The missile fired at the car of Hamas’ chief of staff, Ahmed Jabari, who was responsible for kidnapping the Israeli soldier Gilad Shalit, has changed the world order. For better or worse, Israel is at war, this time against Hamas. The conflagration could very well reach Tel Aviv, provided there still remain any Fajr 5 rockets in Gaza. Meanwhile, the skirmish extends all the way to the southern city of Dimona, adding tens of thousands of Israelis to the cycle of terror, leaving entire towns out of work and out of school.
The area is bubbling.
The bank of targets will expand, and targeted killings will be pursued in accordance with the objectives of the operation. Given this state of affairs, political and social issues have been marginalized.
Former prime minister Ehud Olmert’s decision whether to run for election is no longer so interesting.
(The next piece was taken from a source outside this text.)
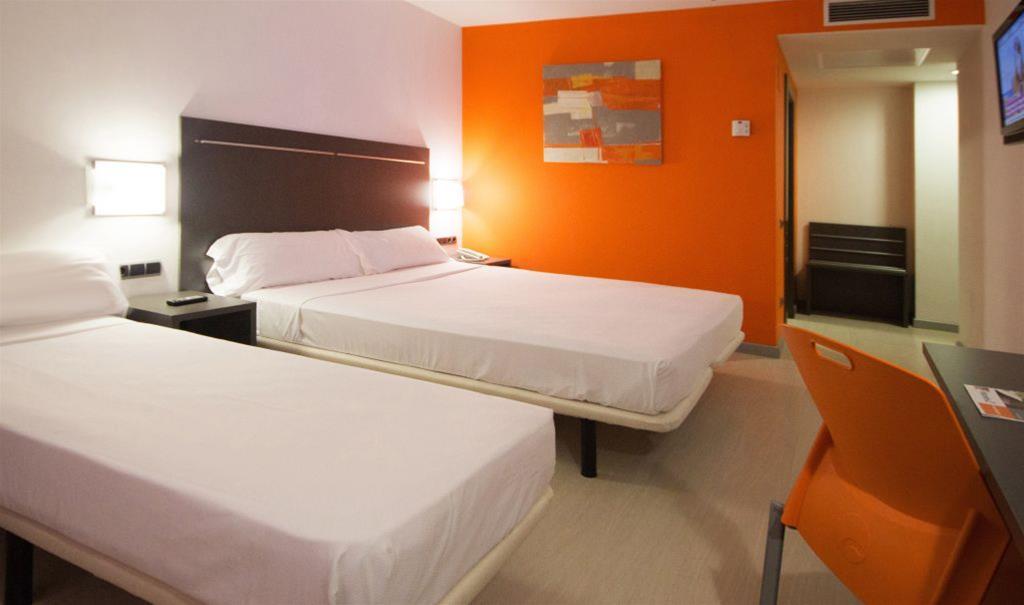 B&B Hotel Barcelona Rubí Exteriör bild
Yesterday, he arrived at Ben Gurion Airport and nobody was there to greet him. The important debate that was to unfold here prior to the election about the cost of living, oligopolies, "trapped profits," housing policy, military service for all and even sexual harassment — all of these issue will be put on hold, damn it, maybe by as much as four years.
That’s it. The ballot box is likely to be dominated now by a security agenda. Israel has entered a state of existential anxiety and concern for its residents, mainly those in the south. At this time, there is no room for opposition, only patriotism. Anything that the left wing might say will be construed as criticism, and any criticism will be interpreted as an anti-national act that undermines the collective morale. Already, yesterday [Nov. 14] the leaders of the left and centrist parties made their way to the TV studios only to express positions in support of the government’s military course of action. None of them dared ask questions that could swing voters away. Silence, a war is on.
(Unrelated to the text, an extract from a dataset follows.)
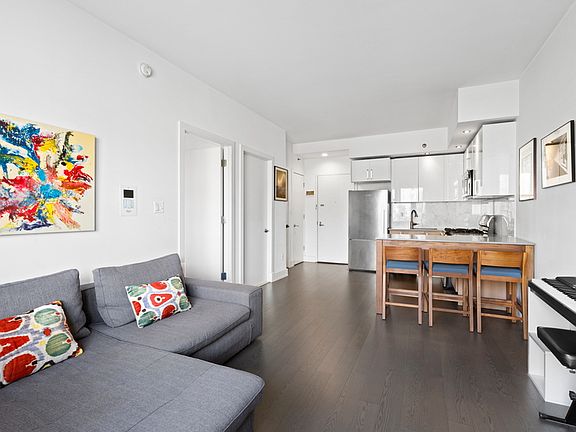 3rd image of 100 Maspeth Ave APT 3D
The fighting in the south naturally puts the leaders — those who run our affairs and in whom we place our trust — in the forefront and in the limelight. Prime Minister Benjamin Netanyahu and Defense Minister Ehud Barak have won a big victory, not only a security one but also an electoral one. After an assassination and in an evolving war, who remembers the dispute between the two of them barely a month ago? Who remembers Barak’s upsetting visits to the US or the lashing out of Minister Moshe Yaalon at him? Who recalls Finance Minister Yuval Steinitz, who was just shy of accusing Barak of treason?
We should not suspect for a moment that the escalation in the south was deliberate, even if this is known to have happened before, especially on the eve of an election. Wearing leather jackets, enjoying the backing of the IDF, sporting new notches on their belt and using combat jargon while diverting the enemy’s attention — Netanyahu and Barak could not possibly have dreamed of a better military-defense campaign. No doubt, these events are worth a few Knesset seats. One can only hope that the carefully thought-out journey that has just begun will not slide toward a dangerous direction because of the election — otherwise, our leaders might also pay a heavy price.